_Try it_.
Please copy out all lines of the entries that contain the word "show".

Available data Start Marker

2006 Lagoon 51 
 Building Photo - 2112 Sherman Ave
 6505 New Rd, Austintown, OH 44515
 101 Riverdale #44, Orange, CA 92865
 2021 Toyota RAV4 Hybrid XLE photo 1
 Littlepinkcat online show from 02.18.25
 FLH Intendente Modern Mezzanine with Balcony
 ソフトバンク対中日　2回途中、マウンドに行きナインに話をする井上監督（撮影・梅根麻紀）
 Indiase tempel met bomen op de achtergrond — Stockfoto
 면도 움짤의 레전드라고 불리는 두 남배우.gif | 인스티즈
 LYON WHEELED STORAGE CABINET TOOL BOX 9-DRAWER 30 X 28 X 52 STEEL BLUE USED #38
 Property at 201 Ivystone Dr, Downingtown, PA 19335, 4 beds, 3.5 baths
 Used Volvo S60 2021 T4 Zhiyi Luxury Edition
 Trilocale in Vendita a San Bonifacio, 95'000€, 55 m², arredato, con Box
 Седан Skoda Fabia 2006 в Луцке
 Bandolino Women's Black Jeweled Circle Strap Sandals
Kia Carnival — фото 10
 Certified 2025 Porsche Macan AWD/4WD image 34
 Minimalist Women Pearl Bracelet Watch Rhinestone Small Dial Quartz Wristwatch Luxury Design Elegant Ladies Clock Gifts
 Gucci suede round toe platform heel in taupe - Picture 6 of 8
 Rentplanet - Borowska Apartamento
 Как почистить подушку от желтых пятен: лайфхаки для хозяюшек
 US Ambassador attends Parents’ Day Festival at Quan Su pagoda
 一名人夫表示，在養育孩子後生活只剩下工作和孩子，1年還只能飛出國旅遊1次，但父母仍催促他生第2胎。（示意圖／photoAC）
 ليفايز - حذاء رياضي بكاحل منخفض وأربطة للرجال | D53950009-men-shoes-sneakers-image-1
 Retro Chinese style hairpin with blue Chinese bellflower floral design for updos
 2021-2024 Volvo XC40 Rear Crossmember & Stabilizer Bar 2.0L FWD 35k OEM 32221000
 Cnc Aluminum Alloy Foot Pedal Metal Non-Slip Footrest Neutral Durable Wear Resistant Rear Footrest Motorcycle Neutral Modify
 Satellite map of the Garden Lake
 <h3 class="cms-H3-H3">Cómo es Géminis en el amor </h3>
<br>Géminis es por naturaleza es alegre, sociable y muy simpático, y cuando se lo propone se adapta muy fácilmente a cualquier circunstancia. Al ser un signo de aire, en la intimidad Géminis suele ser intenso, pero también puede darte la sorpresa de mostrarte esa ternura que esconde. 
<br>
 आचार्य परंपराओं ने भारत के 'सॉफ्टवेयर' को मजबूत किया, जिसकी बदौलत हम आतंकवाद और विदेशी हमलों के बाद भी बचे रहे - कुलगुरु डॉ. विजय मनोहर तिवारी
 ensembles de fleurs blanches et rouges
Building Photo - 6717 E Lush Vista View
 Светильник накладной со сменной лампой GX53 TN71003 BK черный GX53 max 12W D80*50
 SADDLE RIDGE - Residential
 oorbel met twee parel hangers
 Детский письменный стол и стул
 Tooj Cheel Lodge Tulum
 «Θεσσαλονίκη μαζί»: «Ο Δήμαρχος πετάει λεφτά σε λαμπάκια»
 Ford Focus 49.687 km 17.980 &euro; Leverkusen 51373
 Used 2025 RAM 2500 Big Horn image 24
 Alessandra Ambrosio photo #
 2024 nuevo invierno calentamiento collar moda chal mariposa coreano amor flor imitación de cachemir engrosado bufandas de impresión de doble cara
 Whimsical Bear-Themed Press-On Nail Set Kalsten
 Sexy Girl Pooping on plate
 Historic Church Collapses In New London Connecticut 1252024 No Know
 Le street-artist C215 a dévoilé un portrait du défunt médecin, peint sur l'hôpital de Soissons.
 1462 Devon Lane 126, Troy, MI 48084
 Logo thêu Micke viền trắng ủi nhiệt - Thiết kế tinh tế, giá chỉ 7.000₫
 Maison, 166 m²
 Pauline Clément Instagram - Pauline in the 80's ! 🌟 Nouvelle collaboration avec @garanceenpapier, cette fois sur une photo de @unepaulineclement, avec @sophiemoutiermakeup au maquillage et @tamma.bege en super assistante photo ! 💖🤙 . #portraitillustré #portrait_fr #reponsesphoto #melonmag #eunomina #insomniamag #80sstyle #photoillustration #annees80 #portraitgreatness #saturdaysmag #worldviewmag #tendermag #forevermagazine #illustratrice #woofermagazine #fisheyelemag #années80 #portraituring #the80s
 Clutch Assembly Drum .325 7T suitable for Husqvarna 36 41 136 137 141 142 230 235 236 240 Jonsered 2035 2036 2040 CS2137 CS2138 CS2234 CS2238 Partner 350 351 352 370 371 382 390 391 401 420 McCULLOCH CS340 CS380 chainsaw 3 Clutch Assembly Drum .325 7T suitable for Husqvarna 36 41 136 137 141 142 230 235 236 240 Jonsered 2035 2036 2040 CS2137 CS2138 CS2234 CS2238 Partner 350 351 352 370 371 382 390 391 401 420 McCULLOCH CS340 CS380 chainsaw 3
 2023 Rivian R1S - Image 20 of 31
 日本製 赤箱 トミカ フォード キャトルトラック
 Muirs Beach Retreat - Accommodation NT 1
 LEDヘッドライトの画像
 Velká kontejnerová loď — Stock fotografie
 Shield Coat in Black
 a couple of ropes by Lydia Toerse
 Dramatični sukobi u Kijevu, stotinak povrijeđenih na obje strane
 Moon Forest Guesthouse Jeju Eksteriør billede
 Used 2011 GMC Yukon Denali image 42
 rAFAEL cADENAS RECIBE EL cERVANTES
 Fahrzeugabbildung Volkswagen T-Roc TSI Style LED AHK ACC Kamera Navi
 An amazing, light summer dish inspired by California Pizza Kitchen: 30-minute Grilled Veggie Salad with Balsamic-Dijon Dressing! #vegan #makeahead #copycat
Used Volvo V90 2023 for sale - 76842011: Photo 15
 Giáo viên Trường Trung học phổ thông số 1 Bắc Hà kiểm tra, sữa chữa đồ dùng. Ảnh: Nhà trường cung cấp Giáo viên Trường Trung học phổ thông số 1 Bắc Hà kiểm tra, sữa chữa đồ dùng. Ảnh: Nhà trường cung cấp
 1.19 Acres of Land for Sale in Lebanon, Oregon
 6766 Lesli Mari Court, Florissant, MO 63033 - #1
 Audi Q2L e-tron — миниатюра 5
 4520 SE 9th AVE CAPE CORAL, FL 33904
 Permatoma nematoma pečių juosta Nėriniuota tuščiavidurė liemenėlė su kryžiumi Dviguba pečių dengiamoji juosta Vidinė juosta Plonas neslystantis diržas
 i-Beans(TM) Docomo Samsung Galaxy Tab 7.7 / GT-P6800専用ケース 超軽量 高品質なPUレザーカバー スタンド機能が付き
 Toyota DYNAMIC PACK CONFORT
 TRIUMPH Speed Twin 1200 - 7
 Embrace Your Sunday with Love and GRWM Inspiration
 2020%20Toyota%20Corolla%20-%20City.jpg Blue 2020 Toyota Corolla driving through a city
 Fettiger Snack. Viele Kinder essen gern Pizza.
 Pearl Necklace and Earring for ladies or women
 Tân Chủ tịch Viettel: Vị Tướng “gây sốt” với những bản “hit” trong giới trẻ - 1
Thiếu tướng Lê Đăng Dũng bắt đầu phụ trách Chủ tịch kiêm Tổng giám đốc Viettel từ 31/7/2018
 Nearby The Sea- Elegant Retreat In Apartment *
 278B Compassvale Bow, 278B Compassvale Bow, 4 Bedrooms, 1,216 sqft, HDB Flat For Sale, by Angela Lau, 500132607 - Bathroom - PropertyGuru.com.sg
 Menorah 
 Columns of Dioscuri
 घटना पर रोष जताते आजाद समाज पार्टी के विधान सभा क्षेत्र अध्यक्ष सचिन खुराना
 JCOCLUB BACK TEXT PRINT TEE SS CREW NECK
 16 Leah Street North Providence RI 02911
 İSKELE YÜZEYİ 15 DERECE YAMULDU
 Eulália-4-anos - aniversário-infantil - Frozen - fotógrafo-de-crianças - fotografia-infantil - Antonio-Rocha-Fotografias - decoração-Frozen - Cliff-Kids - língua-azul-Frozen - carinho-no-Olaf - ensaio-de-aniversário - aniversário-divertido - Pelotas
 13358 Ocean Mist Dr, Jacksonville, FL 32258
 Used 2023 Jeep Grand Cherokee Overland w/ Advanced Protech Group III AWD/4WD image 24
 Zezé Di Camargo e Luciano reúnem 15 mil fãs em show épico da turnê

Available data End Marker

_Solved exercise_.
 Littlepinkcat online show from 02.18.25
 Zezé Di Camargo e Luciano reúnem 15 mil fãs em show épico da turnê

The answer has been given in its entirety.